Designing an accessible health service does not mean that it has to be for everyone, as it is usually aimed at specific groups. Designing an accessible service means taking into account the differences between people, their capacity to understand and use it, providing the most appropriate adaptation in each case.
They are fundamental in all fields of human activity and even more so when we are talking about health. The emotions that patients experience affect their mood and therefore how they will cope with their health process. This is what our health process transmits, from the very contemplation of aesthetics, ease, communication, etc. It will have an important influence on the perceptions that will be generated.
Are the air conditioning or lighting conditions adequate in a hospital? Are patients bored during an admission? Although this seems to be a minor issue when we are suffering from serious diseases, it has a profound influence on the patient’s mood. If a patient is cold he or she may not be thinking about taking the medication properly. If the lighting is low and he cannot read, he may be more nervous and his blood pressure may rise and he may not be as relaxed as he needs to be.
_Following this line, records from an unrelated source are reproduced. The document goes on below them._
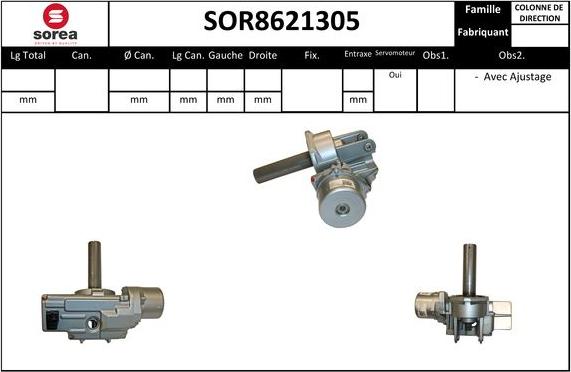 EAI SOR8621305 - Sükan sütunu furqanavto.az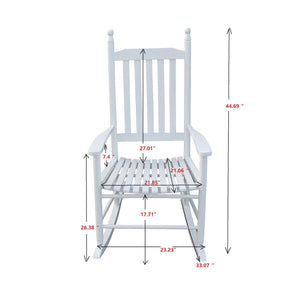 Wooden Porch Rocker Chair, Without Mat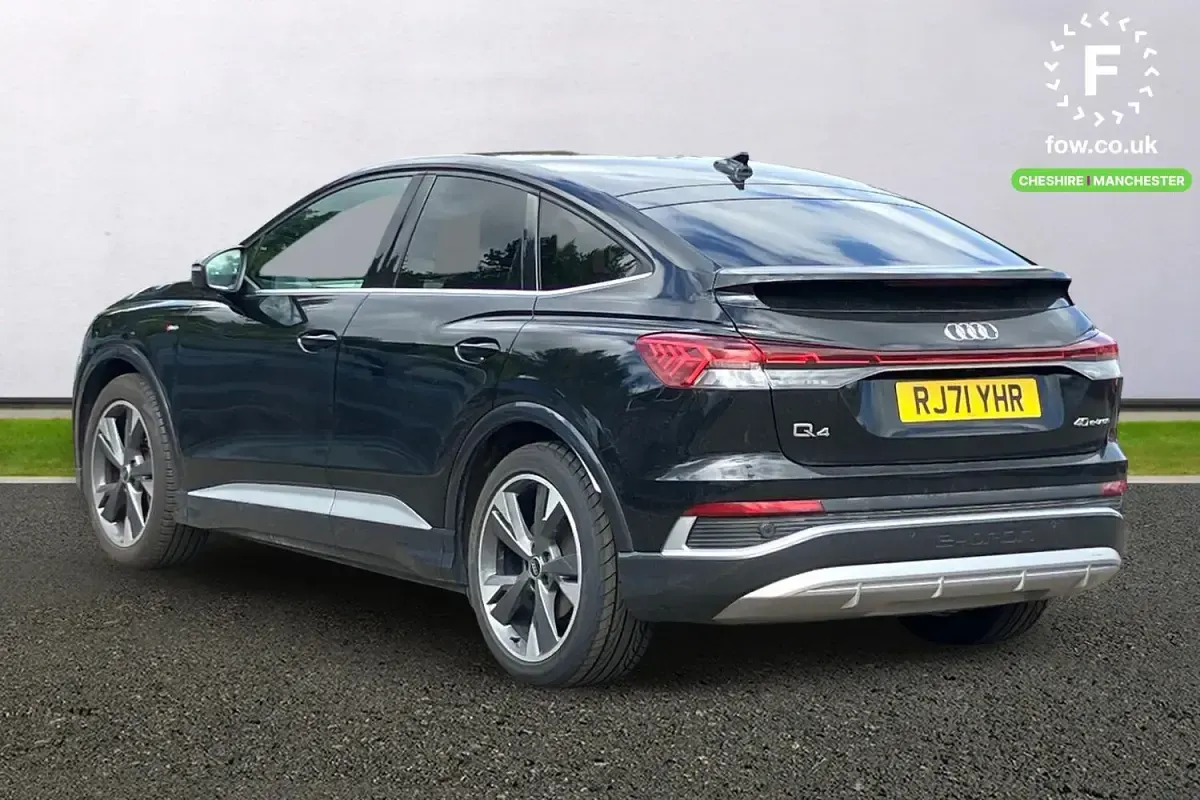 Used Audi Q4 e-tron S-Line 150 kW (204 HP) 2022 Black SUV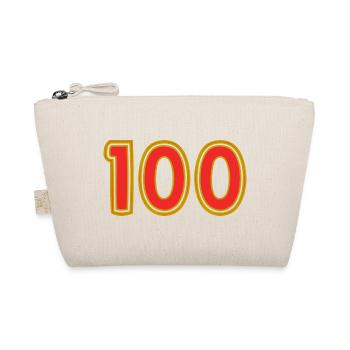 100. 100 YEARS. 100th ANNIVERSARY. 100 BIRTHDAY - Organic Pouch - nature - Front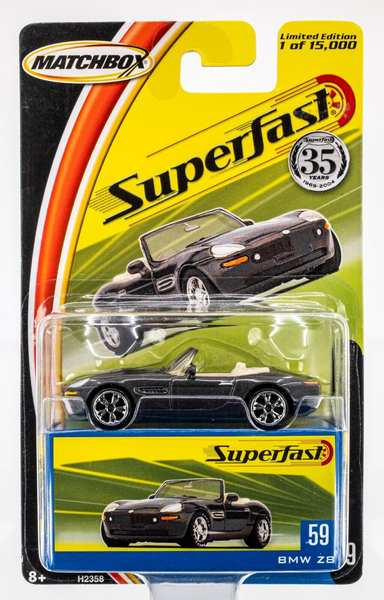 2004 Matchbox Superfast #59 BMW Z8 STRATUS GREY METALLIC | FSC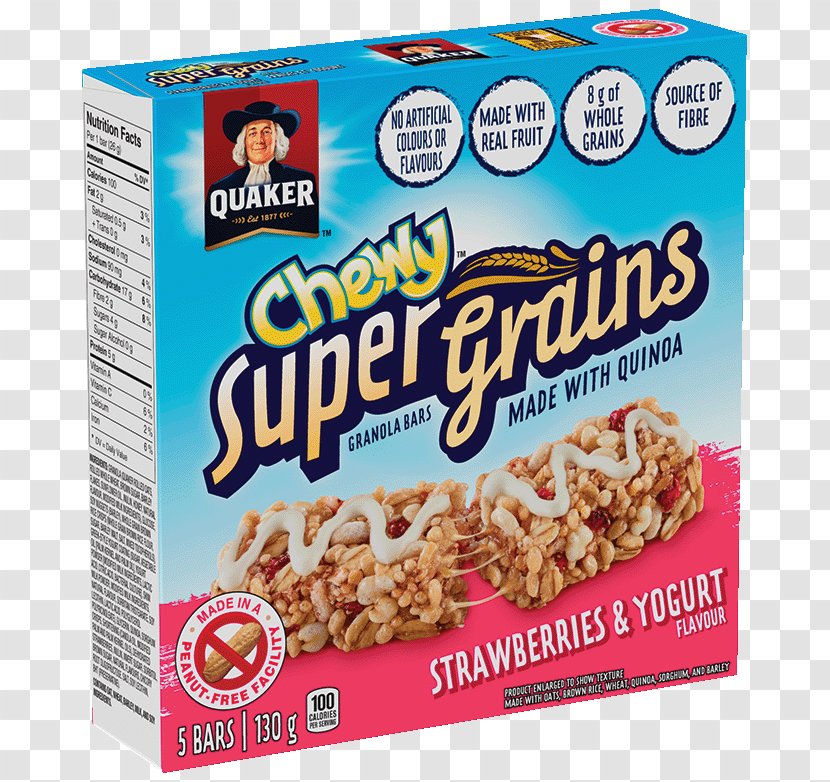 Breakfast Cereal Fudge Quaker Oats Company Chewy Dipps Granola Bars - Grain - Chocolate Transparent PNG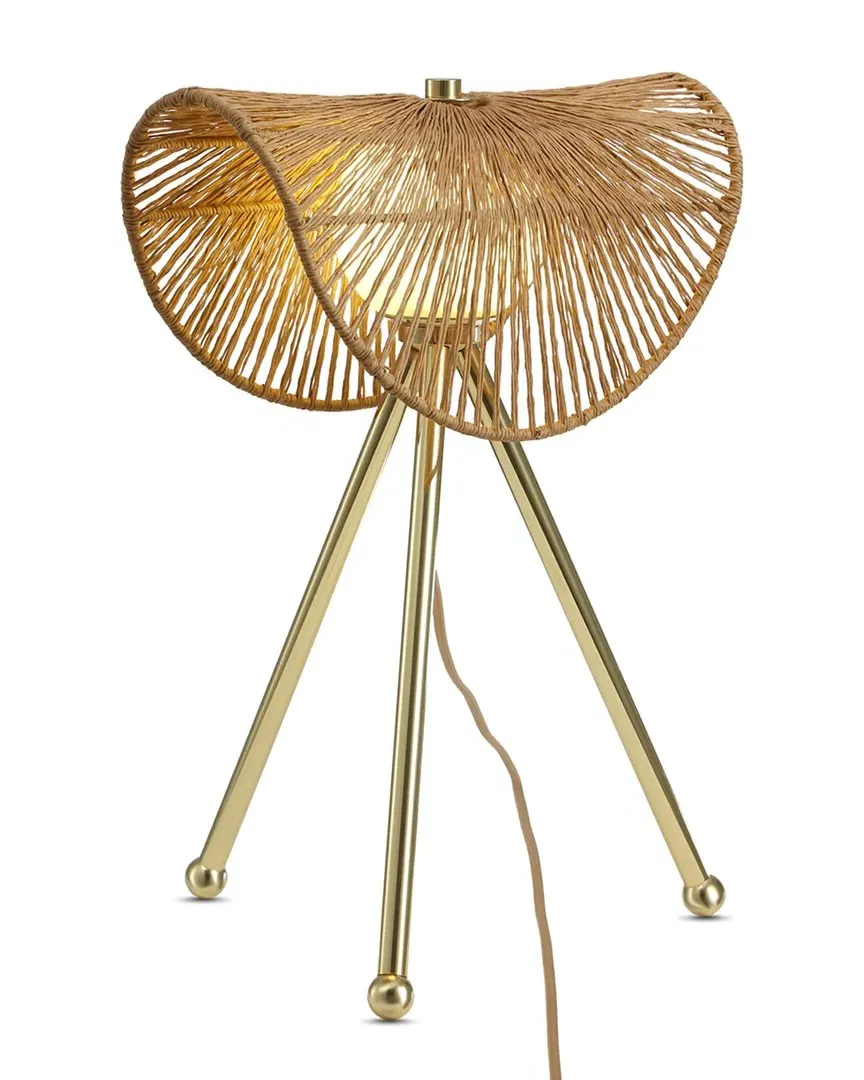 Sovev Dimmable Table Lamp - Brass, Rattan image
Expectations depend both on what we expect at any given time and on previous experiences we have had. It is easy to understand that previous experiences can make us expect something that is not positive in a health process that has nothing to do with it and, in the end, generate a very different final satisfaction.
The user experience is highly influenced by the credibility that professionals transmit and this varies the satisfaction of the interaction with the system. Improving credibility requires that our processes are error-free and above all that they meet expectations in terms of both direct and indirect problems.